I will wait for much more evidence before I determine how accurate these assessments are. But I am not at all reluctant to think that these assessments are less important than the more important question of why the US invaded and occupied Afghanistan in 2001. All the Sturm und Drang over Biden’s decision obscures the central fact that the US effort at “nation-building” was a colossal and expensive failure. What makes this fact so disturbing is that the US should have learned that lesson in the Vietnam War.
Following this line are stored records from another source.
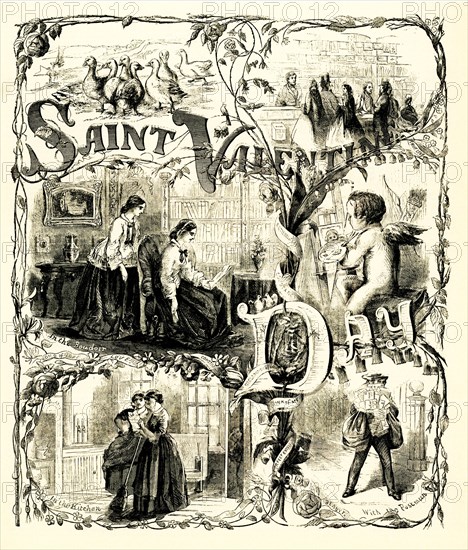 This illustrations is titled: Saint Valentine's Day. It is taken from Harper's Weekly Vol V No 216 New York Saturday February 16 1861.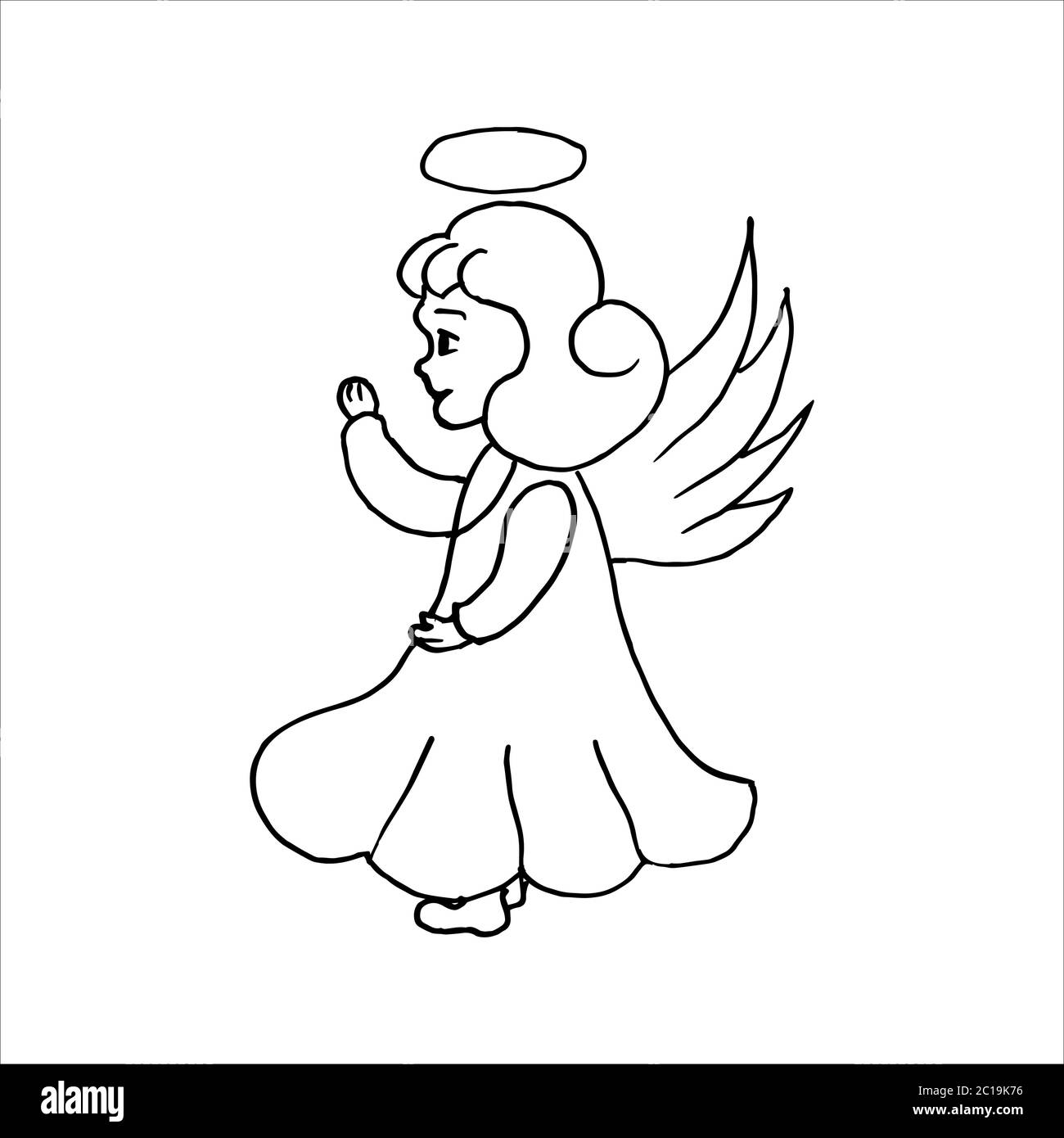 Baby angel cartoon icon vector Black and White Stock Photos & Images - Alamy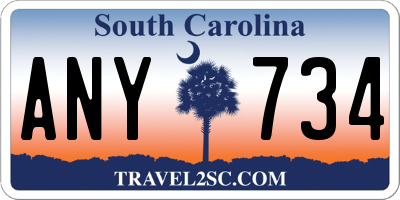 SC license plate ANY734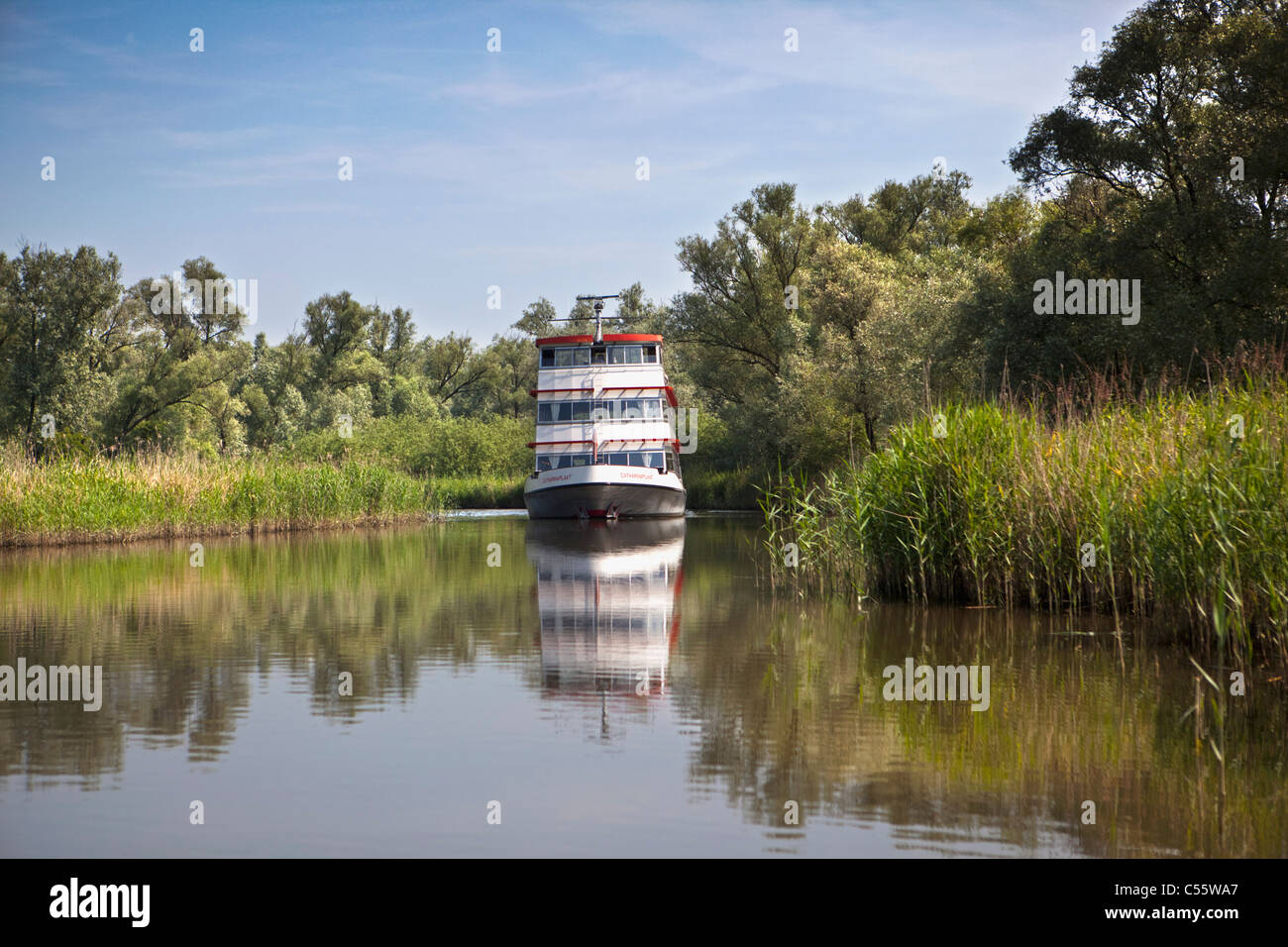 Les Pays-Bas, Amsterdam, le parc national De Biesbosch. Bateau aller-retour. Banque D'Images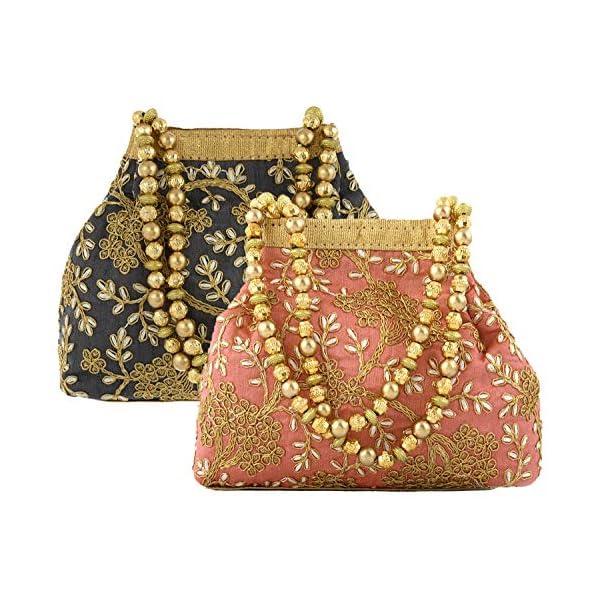 Heart Home Polyester 2 Pieces Embroidered Potli Batwa Pouch Bag for Women (Peach & Grey) HEART2881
There once was a recognition that the failure should not be repeated. Colin Powell articulated the conditions necessary to support and sustain a military intervention in the future so that the US military would never find itself in a no-win situation. Powell outlined what came to be known as the “Powell Doctrine“. In Powell’s own words:
“In time, just as I came to reexamine my feelings about the war, the Army, as an institution, would do the same thing. We accepted that we had been sent to pursue a policy that had become bankrupt. Our political leaders had led us into a war for the one-size-fits-all rationale of anticommunism, which was only a partial fit in Vietnam, where the war had its own historical roots in nationalism, anticolonialism, and civil strife beyond the East-West conflict. Our senior officers knew the war was going badly. Yet they bowed to groupthink pressures and kept up pretenses, the phony measure of body counts, the comforting illusion of secure hamlets, the inflated progress reports. As a corporate entity, the military failed to talk straight to its political superiors or to itself. The top leadership never went to the secretary of defense or the president and said, “This war is unwinnable the way we are fighting it.” Many of my generation, the career captains, majors and lieutenant colonels seasoned in that war, vowed that when our turn came to call the shots, we would not quietly acquiesce in halfhearted warfare for half-baked reasons that the American people could not understand or support.”
The Powell Doctrine had the following questions to answer before the US would intervene in the future:
1. Is a vital national security interest threatened?
2. Do we have a clear attainable objective?
3. Have the risks and costs been fully and frankly analyzed?
4. Have all other nonviolent policy means been fully exhausted?
5. Is there a plausible exit strategy to avoid endless entanglement?
6. Have the consequences of our action been fully considered?
7. Is the action supported by the American people?
8. Do we have genuine broad international support?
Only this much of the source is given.